### YOUR INSTRUCTIONS
The entries below should appear again in your reply, word for word.

[Dataset excerpts]
################
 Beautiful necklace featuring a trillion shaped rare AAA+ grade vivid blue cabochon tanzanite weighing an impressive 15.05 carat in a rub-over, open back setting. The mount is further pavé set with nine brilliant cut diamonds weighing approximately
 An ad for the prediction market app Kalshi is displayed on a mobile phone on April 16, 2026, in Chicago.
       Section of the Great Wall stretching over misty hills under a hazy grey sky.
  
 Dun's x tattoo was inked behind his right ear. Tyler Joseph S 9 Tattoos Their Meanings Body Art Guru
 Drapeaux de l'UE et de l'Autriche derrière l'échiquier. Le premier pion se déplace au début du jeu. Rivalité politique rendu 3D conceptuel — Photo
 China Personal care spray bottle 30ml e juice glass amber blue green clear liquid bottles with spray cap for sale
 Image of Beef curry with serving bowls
################
### RESPONSE TO THIS TASK
 Beautiful necklace featuring a trillion shaped rare AAA+ grade vivid blue cabochon tanzanite weighing an impressive 15.05 carat in a rub-over, open back setting. The mount is further pavé set with nine brilliant cut diamonds weighing approximately
 An ad for the prediction market app Kalshi is displayed on a mobile phone on April 16, 2026, in Chicago.
       Section of the Great Wall stretching over misty hills under a hazy grey sky.
  
 Dun's x tattoo was inked behind his right ear. Tyler Joseph S 9 Tattoos Their Meanings Body Art Guru
 Drapeaux de l'UE et de l'Autriche derrière l'échiquier. Le premier pion se déplace au début du jeu. Rivalité politique rendu 3D conceptuel — Photo
 China Personal care spray bottle 30ml e juice glass amber blue green clear liquid bottles with spray cap for sale
 Image of Beef curry with serving bowls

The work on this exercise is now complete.